TAPAS went on to build predictive environmental models and automatic monitoring and info-recording programs based mostly on analysis across Europe’s aquaculture sector. These innovations have been developed to assist put into action the project’s policy and licensing recommendations and will be of price to regulators as properly as researchers and marketplace bodies.

The models and monitoring programs include current low-tech and superior-tech aquaculture production programs. They could also assist in the introduction of new programs that may have different regulatory needs, these as built-in multi-trophic aquaculture (IMTA).
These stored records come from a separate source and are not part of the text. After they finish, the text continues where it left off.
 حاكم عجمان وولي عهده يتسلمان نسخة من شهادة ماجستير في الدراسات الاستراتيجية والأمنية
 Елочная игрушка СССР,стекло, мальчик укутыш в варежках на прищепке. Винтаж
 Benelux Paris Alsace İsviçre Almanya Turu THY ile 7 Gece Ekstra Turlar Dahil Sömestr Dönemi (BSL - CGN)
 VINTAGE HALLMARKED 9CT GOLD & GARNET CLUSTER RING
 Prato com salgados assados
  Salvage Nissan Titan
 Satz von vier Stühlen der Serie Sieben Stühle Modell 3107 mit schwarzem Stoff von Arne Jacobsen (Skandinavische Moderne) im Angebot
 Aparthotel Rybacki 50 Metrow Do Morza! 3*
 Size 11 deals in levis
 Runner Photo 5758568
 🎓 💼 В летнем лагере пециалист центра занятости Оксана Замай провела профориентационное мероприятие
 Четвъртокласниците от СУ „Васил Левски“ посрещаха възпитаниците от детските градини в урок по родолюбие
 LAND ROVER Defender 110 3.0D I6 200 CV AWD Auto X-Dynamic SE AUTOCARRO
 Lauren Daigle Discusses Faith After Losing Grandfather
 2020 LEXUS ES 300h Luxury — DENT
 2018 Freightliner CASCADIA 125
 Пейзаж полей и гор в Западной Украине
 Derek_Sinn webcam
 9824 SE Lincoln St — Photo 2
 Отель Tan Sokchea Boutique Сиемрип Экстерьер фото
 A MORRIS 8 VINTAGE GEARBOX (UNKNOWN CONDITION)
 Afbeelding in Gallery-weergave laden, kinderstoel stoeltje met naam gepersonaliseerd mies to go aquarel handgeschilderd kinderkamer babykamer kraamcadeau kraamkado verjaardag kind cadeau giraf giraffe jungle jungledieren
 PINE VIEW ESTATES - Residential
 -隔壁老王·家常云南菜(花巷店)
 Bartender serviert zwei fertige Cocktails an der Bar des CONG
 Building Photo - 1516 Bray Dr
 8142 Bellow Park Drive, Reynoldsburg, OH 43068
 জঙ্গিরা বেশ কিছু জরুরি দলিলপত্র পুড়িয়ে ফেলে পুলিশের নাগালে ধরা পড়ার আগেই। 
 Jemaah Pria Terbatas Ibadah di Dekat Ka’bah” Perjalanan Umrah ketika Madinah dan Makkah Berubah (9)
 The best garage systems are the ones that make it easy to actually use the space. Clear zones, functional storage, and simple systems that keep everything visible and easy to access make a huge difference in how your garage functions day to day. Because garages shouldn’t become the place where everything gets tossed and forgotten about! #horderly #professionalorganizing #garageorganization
In IMTA, by-products these as waste from one particular species are made use of as fertiliser or meals for one more.

Better picture

The project’s aquaculture toolbox provides a web-based mostly decision-help framework which can help in the advancement of considerably less high-priced, additional clear and successful licensing of aquaculture in Europe.

‘The toolbox makes use of applicable modelling and assistance outputs from the TAPAS job, but also provides links and assistance to empower use of applicable results from other EU projects and sources,’ clarifies Telfer. ‘The availability of the toolbox, its intuitive layout and facts will empower a far better being familiar with of aquaculture regulation even though also aiding to make improvements to the public perception of European aquaculture.’

The TAPAS team is also endeavor instruction, dissemination and outreach things to do with the goal of improving upon the picture of European aquaculture and the uptake of the job final results by regulators.